[Materials provided Boundary: Start]

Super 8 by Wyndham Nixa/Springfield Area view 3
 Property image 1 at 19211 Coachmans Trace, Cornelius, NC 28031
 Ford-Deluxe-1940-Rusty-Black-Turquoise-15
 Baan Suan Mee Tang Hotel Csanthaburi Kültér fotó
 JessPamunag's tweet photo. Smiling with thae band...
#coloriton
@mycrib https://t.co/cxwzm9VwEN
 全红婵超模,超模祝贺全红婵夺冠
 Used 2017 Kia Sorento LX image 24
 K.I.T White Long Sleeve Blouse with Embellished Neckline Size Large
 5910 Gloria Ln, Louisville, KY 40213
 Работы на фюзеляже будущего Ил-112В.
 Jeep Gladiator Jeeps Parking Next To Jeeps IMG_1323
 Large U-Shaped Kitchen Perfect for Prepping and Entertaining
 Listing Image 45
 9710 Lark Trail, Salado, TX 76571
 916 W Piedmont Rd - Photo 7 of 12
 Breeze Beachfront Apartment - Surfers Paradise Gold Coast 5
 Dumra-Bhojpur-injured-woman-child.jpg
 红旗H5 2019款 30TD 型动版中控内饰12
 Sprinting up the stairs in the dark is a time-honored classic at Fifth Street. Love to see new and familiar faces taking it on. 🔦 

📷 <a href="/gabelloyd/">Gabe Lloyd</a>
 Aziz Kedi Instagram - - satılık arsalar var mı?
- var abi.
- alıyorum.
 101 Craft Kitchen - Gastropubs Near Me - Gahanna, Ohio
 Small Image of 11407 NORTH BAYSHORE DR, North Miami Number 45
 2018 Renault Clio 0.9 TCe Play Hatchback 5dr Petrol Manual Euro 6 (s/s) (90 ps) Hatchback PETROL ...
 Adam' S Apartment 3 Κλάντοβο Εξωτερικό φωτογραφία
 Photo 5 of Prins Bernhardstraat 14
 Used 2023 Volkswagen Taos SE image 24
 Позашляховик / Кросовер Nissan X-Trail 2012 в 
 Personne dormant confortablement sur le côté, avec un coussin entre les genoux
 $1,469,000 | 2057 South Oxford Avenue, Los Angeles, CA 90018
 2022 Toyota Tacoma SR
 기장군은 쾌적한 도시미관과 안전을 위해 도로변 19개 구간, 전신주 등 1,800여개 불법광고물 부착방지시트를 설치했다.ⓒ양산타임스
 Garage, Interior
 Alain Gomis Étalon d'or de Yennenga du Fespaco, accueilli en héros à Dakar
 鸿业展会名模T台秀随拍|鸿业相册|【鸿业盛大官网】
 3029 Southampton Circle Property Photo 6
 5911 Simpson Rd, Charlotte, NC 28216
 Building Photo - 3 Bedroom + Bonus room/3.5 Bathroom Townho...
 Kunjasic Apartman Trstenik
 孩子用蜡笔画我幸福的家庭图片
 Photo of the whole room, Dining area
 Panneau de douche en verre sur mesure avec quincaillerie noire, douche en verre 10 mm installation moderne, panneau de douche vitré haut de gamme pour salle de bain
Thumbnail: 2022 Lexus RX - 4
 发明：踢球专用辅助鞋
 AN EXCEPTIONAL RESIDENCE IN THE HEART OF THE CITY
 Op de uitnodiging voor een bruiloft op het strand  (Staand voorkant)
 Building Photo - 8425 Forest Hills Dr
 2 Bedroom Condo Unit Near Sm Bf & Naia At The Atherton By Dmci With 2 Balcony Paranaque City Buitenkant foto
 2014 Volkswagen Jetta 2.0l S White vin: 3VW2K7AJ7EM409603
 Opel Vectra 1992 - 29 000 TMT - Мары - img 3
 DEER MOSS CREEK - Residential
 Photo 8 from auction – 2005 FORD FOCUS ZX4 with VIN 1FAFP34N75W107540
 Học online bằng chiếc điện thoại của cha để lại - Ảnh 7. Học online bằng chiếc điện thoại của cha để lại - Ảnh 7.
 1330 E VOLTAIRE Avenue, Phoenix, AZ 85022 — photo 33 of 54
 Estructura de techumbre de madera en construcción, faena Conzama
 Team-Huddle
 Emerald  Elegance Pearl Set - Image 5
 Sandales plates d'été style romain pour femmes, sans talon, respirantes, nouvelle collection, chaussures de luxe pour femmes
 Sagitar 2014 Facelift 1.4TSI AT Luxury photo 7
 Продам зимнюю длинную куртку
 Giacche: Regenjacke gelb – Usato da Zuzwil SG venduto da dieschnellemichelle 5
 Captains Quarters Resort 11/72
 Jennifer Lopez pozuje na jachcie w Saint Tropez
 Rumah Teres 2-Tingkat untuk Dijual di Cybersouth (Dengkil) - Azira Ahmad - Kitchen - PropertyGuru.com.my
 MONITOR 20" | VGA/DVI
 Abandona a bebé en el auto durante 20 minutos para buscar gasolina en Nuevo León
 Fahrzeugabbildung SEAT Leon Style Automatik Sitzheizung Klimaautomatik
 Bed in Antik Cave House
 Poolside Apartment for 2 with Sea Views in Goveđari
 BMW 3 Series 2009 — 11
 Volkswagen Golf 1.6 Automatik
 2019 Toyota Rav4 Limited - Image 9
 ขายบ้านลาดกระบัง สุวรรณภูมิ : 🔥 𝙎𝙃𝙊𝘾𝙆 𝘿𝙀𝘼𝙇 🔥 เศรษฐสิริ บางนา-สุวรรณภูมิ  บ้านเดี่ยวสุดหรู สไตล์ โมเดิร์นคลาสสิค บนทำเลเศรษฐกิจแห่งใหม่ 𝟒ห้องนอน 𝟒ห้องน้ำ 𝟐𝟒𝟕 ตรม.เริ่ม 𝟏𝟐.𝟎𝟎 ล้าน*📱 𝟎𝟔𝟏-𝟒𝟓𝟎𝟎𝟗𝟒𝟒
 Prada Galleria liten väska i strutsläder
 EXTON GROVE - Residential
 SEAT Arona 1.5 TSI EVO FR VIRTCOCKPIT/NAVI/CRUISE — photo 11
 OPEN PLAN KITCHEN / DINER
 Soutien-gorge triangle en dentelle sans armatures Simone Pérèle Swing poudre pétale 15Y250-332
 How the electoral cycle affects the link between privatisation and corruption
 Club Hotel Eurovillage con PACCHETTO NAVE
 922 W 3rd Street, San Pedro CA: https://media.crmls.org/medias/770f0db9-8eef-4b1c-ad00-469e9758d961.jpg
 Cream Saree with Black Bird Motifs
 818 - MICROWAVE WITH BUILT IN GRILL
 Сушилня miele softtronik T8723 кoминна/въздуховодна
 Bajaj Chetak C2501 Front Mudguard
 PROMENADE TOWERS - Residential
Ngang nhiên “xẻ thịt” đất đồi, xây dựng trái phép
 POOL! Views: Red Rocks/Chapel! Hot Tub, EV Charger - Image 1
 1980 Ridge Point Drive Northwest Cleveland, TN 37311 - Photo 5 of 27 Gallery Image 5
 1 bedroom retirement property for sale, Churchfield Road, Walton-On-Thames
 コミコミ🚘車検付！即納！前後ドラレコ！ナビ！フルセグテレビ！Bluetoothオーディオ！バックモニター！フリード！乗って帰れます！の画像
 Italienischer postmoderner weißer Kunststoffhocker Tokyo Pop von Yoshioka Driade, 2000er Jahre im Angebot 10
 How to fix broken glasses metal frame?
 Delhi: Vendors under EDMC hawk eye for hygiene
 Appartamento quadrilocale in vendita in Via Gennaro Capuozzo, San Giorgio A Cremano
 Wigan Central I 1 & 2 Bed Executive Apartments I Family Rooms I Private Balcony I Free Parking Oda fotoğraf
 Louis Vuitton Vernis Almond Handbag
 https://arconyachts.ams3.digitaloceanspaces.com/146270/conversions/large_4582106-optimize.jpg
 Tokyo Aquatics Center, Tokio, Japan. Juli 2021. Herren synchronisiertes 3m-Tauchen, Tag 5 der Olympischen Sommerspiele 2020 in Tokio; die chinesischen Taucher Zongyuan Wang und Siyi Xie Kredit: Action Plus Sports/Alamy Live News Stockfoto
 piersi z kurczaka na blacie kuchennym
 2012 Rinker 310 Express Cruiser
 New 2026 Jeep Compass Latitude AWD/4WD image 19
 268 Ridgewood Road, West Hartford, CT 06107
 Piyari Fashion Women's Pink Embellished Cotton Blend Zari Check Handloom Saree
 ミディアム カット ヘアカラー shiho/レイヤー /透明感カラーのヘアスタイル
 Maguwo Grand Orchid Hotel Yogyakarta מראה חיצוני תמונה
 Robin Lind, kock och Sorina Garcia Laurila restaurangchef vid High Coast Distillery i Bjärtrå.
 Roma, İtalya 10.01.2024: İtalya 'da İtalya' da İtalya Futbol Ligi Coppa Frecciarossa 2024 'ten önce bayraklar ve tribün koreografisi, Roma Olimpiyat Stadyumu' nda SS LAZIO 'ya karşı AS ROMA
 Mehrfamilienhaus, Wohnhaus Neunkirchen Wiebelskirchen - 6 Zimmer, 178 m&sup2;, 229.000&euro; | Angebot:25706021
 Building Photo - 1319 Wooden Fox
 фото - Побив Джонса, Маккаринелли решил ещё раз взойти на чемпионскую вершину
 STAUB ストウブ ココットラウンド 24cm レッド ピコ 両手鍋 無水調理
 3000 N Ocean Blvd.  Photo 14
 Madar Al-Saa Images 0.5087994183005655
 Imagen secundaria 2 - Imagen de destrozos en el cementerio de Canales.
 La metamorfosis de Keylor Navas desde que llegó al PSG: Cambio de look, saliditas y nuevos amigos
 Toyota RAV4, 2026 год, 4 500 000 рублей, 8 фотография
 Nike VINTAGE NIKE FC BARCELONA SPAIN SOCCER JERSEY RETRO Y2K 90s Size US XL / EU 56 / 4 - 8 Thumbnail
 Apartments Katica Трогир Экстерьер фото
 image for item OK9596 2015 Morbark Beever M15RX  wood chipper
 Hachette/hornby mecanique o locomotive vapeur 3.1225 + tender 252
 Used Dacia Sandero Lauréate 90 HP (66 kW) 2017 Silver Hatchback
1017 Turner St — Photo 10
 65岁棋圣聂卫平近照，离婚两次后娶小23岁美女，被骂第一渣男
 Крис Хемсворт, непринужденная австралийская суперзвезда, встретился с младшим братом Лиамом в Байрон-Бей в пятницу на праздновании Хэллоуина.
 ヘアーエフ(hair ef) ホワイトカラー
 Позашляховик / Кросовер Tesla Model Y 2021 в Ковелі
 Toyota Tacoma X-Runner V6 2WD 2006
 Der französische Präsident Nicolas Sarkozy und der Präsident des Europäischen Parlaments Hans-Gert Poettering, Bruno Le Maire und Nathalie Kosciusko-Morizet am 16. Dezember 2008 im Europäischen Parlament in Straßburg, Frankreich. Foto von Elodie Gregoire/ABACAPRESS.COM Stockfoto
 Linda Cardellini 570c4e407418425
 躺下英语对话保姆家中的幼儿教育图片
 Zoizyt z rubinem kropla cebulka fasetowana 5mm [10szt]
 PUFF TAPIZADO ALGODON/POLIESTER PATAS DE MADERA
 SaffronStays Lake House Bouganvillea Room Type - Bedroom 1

[Materials provided Boundary: End]

Prompt:
Start at the first line of the material and transcribe each line exactly, stopping once the line containing "红旗H5 2019款 30TD 型动版中控内饰12" has been written.

Answer for the task:
Super 8 by Wyndham Nixa/Springfield Area view 3
 Property image 1 at 19211 Coachmans Trace, Cornelius, NC 28031
 Ford-Deluxe-1940-Rusty-Black-Turquoise-15
 Baan Suan Mee Tang Hotel Csanthaburi Kültér fotó
 JessPamunag's tweet photo. Smiling with thae band...
#coloriton
@mycrib https://t.co/cxwzm9VwEN
 全红婵超模,超模祝贺全红婵夺冠
 Used 2017 Kia Sorento LX image 24
 K.I.T White Long Sleeve Blouse with Embellished Neckline Size Large
 5910 Gloria Ln, Louisville, KY 40213
 Работы на фюзеляже будущего Ил-112В.
 Jeep Gladiator Jeeps Parking Next To Jeeps IMG_1323
 Large U-Shaped Kitchen Perfect for Prepping and Entertaining
 Listing Image 45
 9710 Lark Trail, Salado, TX 76571
 916 W Piedmont Rd - Photo 7 of 12
 Breeze Beachfront Apartment - Surfers Paradise Gold Coast 5
 Dumra-Bhojpur-injured-woman-child.jpg
 红旗H5 2019款 30TD 型动版中控内饰12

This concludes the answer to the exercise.